Problem description ::
Please copy exactly the line containing "ET extra terrestrial" and every line after it, through the last line of the records below, leaving out all pictures.

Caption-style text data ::
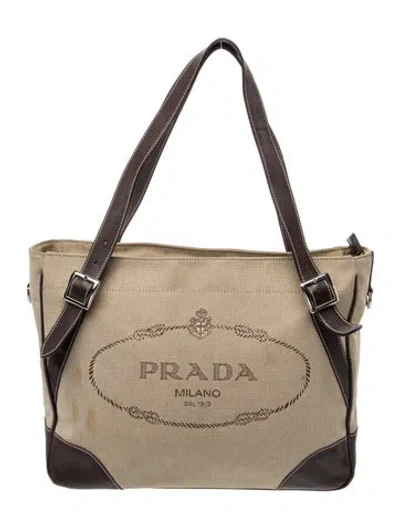 Pre-owned Prada Signature Tote In Brown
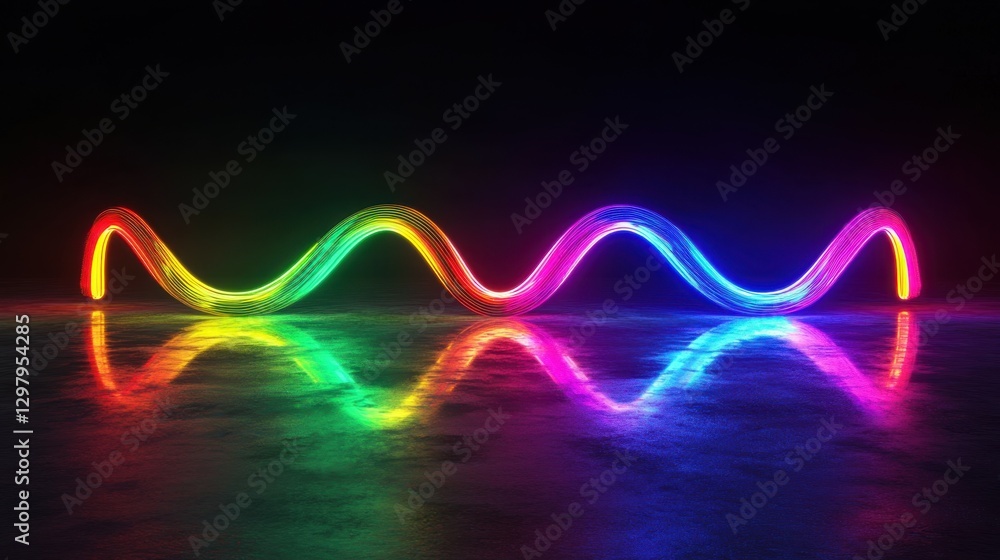 Poster 3d rendering of a multicolored neon curved line with loops, glowing in the dark and reflected in a m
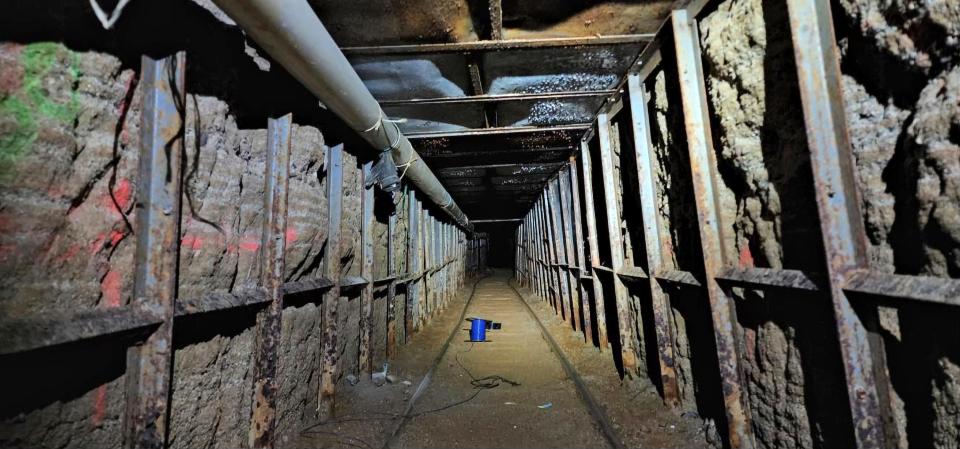 This undated photo provided by Homeland Security Investigations shows the inside of a cross-border tunnel between Mexico's Tijuana into the San Diego area. Authorities announced on Monday, May 16, the discovery of the underground smuggling tunnel on Mexico's border, running the length of a football field on U.S. soil to a warehouse in an industrial area.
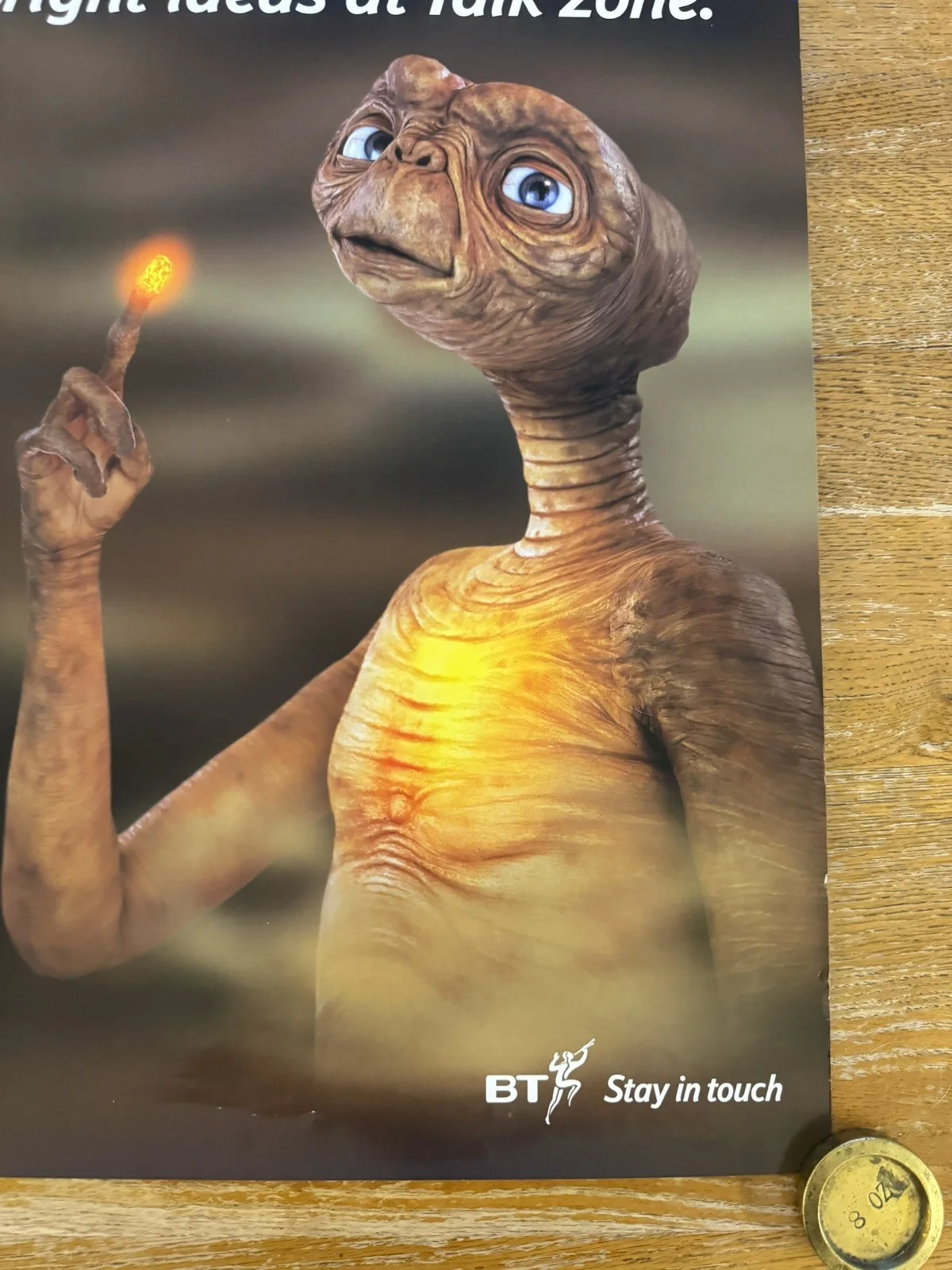 ET extra terrestrial very rare BT Original film vhs video shop promo poster, изображение 2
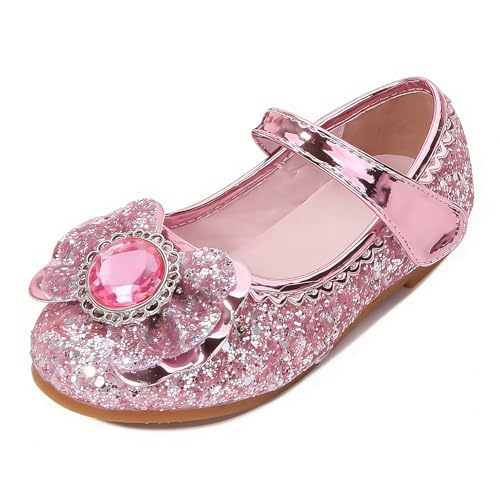 Eleasica Zapatos de Vestir Niña Princesa Zapatos de Disfraz Punta Cerrada Navidad Cumpleaños Regalo Sandalias de Vestir Sin Tacón Lentejuelas Cosplay Carnaval Halloween,Rosa,24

Written solution ::
 ET extra terrestrial very rare BT Original film vhs video shop promo poster, изображение 2
 Eleasica Zapatos de Vestir Niña Princesa Zapatos de Disfraz Punta Cerrada Navidad Cumpleaños Regalo Sandalias de Vestir Sin Tacón Lentejuelas Cosplay Carnaval Halloween,Rosa,24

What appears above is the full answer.